We are now nearing that part of the coast behind which, far and wide in the interior, rules the despotic king of Dahomey; a second edition, as reports go, of the king of Ashantee.

In former days, when the spirit of African adventure and discovery was strong and active, travellers visited the capital of this powerful nation, and tell us most strange and startling stories of king and people. It is represented as the quintessence of the purest kind of despotism, where the monarch is worshipped as a god, and body and soul are offered up to his whims and passions. Creeping like reptiles in his awful presence, and kissing the rod that spares neither them nor theirs, though fearless and ferocious with every body else, to hear their king's wishes or commands is to obey, not only without a murmur, but cheerfully and with a smile. Men, women and children, houses, goods and lands, all, all are his, and his nod, like that of the cloud-compelling Jove, is the sign of fate. Most strange to say, these very men, who in the field are without a fear and merciless to others who meet their king in arms, will at his beck and call abandon all they hold most dear, and offer themselves and theirs as willing victims to his lusts and passions. At this barbaric court, where three thousand wives adorn the royal harem, this bevy of dusky dames are regularly enrolled as a guard, and musket, spear, buckler and sword are wielded by the Amazonian band. There, too, the weaker sex being the property of the Dahomey Blue-Beard, this uxorious African periodically distributes the dames among his cringing nobles and slaves, without consulting the tastes of either party, or allowing remonstrance or a choice. Boots it little to him, clothed with his brief and terrible authority, whether old be yoked to young, grave to gay, ugly to handsome, rich to poor, sickly to healthy. He is the state, and his word is law, and no man dares dispute it. These travellers' stories, so Arabian-Night-like, do tempt one hugely to go and see; but visiting a leopard in his lair, though sleek his skin and beautiful his shape and spots, is a sport I, for one, take no peculiar pleasure in; so, even were I free, I think I would rather swallow the stories, startling though they be, than test the conclusion that 'seeing is believing.'

Another amiable trait in the manners of these strange people is, that on the death of the lord and master, the royal widows, whose name is legion, carry on such a ferocious skirmish, and come so impressively to the scratch, that the fight goes on, and the fond victims are sacrificed at each other's hands to the memory of the dear departed, until ordered to desist by his deified successor. And yet another peculiarity in the fashions of these gentry is, that they have a particular fancy to constructing their walls and ceilings in part of human skulls and bones; thus at the same time keeping up a due ferocity of temper and the proofs of their warlike renown.
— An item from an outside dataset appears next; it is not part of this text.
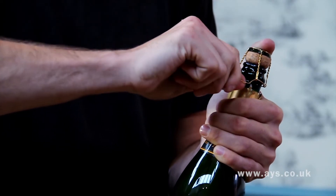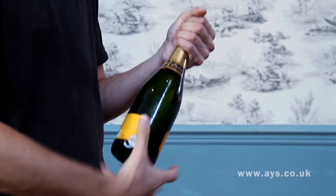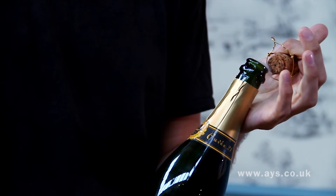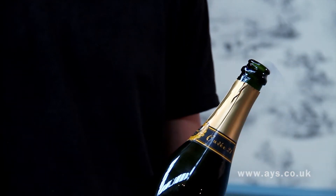Undo the cage and hold on to both the cork and the cage for grip. Slowly twist the bottle towards yourself keeping a steady pace. Pop the cork at an angle to avoid a loud noise.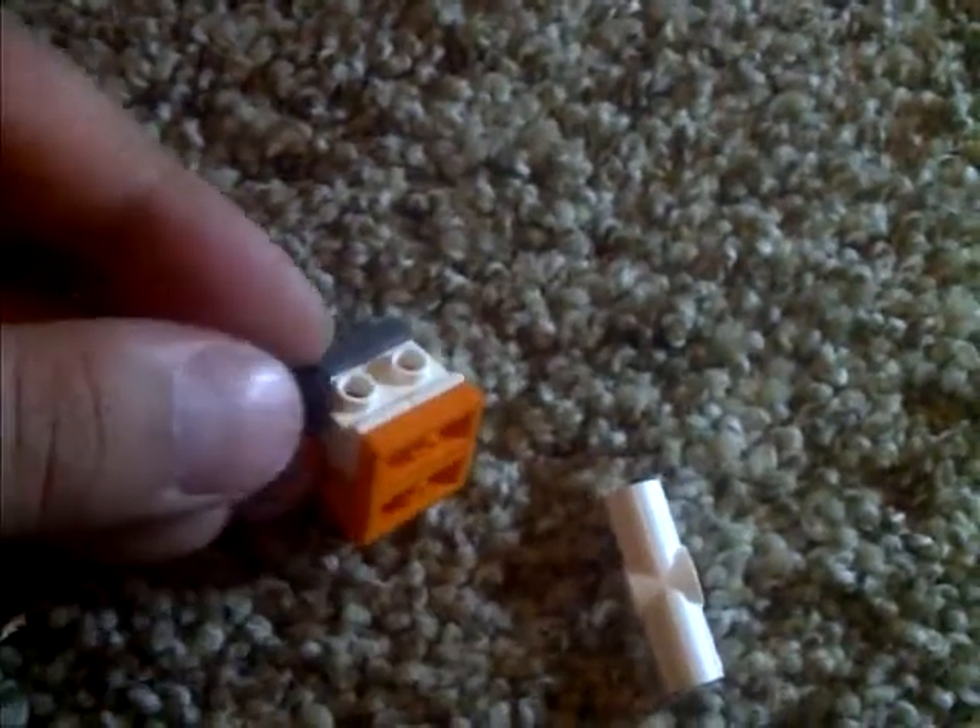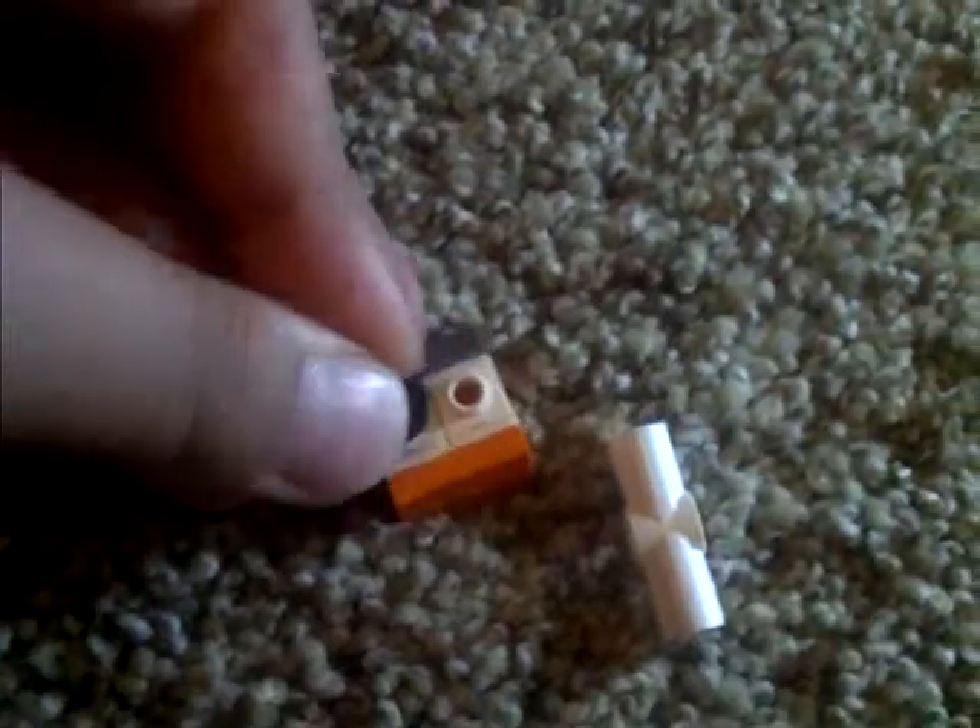You get these two pieces — the two studs — and put them on the studs on the side. Well, the knobs on the sides. Like so. Hold on. Just got one on. Like that. Okay.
To return to Accra. I must not forget to state, as matter of statistical, financial and culinary interest, that fowls cost one dollar the dozen, turkeys fifty cents each, and bananas, yams, etc., are proportionally moderate. A couple of fine young parrots were purchased for a dollar and a half, monkey-skins, large and glossy, fifty cents for several stitched together, and a Lilliputian house full of little pinked birds or sparrows, for a dollar and a half. The ship is now quite stocked with our purchases; and could we by art-magic send them home, a curiosity-shop might be soon opened, both attractive and profitable.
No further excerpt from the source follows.